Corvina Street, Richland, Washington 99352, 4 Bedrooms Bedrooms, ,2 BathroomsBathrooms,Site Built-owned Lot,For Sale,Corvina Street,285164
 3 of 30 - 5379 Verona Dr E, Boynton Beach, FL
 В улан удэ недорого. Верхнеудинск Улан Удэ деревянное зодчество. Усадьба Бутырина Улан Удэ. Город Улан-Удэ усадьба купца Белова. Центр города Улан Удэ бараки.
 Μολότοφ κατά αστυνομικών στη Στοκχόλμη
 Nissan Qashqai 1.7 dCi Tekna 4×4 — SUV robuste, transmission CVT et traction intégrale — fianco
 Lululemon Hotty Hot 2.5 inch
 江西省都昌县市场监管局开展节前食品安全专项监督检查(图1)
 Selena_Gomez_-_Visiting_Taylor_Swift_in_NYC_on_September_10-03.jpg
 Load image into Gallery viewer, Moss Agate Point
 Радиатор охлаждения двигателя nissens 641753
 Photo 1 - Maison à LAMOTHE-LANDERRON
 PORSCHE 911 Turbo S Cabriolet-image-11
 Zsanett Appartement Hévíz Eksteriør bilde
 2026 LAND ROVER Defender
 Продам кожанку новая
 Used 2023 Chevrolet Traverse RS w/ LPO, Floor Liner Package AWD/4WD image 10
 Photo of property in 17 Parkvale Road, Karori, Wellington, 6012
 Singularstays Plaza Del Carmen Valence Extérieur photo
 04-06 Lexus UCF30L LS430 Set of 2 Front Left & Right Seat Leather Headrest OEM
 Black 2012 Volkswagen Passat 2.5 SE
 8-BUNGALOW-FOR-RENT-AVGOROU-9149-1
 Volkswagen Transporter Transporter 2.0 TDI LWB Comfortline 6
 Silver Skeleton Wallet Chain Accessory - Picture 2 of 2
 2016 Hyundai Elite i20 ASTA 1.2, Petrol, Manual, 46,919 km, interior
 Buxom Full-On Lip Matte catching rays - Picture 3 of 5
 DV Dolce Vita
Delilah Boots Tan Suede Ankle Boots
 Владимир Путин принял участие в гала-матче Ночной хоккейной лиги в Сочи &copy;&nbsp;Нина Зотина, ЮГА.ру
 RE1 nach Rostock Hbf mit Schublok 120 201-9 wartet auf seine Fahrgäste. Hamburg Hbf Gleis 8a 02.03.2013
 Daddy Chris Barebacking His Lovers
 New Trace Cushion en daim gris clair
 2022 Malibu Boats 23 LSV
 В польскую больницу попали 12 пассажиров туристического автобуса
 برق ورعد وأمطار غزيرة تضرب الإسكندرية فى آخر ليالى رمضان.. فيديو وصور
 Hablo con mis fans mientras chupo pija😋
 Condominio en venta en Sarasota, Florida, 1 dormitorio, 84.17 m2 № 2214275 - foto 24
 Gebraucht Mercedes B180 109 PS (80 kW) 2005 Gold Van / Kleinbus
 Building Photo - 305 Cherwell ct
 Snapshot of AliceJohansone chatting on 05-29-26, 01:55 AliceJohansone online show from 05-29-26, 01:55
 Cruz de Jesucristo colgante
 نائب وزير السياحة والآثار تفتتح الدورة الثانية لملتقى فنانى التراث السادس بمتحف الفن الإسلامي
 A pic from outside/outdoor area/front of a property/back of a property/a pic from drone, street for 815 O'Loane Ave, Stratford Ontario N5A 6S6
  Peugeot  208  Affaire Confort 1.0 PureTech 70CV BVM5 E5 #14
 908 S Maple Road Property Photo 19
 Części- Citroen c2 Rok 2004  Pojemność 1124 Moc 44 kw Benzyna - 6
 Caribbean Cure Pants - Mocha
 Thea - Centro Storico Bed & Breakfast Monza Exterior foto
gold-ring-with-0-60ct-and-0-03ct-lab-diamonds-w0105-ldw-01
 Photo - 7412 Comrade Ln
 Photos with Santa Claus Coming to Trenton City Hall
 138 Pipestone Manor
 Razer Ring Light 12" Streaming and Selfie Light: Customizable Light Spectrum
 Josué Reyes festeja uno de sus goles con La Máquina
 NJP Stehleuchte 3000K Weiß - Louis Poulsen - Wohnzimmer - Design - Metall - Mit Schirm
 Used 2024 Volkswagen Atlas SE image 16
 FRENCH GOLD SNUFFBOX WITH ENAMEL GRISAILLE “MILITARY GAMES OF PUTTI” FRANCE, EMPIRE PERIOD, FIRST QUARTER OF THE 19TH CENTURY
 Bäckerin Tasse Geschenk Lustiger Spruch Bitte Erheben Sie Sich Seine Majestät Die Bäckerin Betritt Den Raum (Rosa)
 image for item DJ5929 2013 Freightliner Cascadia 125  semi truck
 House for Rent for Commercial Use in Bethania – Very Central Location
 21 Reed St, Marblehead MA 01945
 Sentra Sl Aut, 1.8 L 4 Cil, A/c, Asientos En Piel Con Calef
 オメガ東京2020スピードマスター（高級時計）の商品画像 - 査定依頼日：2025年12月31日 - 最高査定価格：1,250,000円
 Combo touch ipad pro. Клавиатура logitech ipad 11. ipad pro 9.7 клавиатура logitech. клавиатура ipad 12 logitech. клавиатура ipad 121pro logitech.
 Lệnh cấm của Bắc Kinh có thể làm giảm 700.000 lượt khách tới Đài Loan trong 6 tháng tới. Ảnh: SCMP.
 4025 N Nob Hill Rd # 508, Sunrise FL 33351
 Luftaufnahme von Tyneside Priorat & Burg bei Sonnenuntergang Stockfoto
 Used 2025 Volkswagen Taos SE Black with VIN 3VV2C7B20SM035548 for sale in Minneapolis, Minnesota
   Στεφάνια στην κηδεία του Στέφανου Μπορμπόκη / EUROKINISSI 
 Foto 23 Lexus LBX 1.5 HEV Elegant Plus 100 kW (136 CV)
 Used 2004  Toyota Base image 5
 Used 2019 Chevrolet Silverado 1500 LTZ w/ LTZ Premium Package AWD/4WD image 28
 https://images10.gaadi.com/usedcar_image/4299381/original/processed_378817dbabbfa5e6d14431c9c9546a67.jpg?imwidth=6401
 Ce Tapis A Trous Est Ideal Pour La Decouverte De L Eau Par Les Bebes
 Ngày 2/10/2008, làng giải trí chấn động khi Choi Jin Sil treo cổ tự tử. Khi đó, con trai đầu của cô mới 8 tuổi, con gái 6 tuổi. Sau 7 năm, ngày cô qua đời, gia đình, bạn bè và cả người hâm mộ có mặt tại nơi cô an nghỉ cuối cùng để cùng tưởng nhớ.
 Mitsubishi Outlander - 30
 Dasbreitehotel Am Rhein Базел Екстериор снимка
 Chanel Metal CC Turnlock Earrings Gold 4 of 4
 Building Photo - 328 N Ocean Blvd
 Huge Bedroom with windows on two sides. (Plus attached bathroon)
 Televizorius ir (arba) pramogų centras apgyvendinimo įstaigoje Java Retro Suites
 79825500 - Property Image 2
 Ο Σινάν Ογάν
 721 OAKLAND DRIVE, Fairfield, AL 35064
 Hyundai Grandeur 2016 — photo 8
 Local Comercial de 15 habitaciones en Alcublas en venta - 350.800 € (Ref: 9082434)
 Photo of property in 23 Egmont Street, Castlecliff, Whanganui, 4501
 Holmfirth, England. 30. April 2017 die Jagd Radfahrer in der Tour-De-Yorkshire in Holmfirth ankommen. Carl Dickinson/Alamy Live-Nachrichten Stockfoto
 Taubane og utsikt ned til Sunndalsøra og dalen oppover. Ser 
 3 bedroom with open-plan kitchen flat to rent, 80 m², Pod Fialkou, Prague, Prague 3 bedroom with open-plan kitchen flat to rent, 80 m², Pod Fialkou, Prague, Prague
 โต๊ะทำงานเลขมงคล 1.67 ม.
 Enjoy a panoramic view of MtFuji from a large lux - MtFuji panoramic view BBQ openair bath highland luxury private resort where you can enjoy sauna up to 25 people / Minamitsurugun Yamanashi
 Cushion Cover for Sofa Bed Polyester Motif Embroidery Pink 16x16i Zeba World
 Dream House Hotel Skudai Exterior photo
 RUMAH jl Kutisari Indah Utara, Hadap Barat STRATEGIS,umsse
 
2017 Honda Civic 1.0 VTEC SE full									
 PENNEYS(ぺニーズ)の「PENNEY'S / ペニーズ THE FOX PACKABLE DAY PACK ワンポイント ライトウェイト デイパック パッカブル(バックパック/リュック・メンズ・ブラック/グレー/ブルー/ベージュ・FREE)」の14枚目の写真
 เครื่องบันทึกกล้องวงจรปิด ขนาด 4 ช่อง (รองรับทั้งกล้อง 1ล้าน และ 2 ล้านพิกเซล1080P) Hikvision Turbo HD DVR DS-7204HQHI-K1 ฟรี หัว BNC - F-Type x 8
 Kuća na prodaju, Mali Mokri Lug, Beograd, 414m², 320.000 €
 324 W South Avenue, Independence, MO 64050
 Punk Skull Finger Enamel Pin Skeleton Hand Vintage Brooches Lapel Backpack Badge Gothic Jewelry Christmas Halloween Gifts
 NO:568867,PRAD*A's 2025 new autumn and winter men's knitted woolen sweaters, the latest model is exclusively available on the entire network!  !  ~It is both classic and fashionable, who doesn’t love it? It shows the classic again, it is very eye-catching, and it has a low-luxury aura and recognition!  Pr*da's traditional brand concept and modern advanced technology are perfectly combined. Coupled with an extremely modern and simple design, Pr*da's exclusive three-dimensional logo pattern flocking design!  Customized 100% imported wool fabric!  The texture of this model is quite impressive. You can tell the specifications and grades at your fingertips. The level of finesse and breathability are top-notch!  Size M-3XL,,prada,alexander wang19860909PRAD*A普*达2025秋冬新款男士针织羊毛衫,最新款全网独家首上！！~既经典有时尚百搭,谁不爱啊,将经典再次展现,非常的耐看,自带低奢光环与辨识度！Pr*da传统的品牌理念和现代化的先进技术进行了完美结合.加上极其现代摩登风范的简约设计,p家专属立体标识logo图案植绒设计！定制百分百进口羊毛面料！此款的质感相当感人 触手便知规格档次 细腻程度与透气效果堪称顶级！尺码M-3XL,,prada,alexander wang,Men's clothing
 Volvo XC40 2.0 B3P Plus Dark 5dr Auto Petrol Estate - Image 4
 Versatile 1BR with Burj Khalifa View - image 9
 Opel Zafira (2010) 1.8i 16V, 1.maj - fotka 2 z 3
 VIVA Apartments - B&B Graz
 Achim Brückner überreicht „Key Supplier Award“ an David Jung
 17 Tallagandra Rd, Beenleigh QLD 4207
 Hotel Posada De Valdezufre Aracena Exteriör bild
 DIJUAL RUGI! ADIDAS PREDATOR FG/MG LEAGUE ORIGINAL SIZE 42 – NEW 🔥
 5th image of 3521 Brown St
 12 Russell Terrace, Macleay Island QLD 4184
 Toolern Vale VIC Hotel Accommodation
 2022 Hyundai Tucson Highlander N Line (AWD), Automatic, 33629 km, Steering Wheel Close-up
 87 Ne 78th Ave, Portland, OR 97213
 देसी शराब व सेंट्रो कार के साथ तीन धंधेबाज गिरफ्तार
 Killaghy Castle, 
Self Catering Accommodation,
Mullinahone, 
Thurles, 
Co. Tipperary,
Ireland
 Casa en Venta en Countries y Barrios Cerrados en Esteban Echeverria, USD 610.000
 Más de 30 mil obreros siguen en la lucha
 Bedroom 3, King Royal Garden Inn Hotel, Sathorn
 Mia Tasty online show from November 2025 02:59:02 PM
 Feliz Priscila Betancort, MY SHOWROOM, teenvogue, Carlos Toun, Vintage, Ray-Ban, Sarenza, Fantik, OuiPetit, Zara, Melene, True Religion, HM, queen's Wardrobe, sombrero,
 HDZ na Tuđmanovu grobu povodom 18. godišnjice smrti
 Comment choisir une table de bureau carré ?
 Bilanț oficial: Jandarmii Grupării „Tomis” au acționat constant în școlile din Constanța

• • • • • • •

**WORK TO BE COMPLETED**
List all lines from the entries that include the word "Vintage".

**RESPONSE TO THE TASK**
 Punk Skull Finger Enamel Pin Skeleton Hand Vintage Brooches Lapel Backpack Badge Gothic Jewelry Christmas Halloween Gifts
 Feliz Priscila Betancort, MY SHOWROOM, teenvogue, Carlos Toun, Vintage, Ray-Ban, Sarenza, Fantik, OuiPetit, Zara, Melene, True Religion, HM, queen's Wardrobe, sombrero,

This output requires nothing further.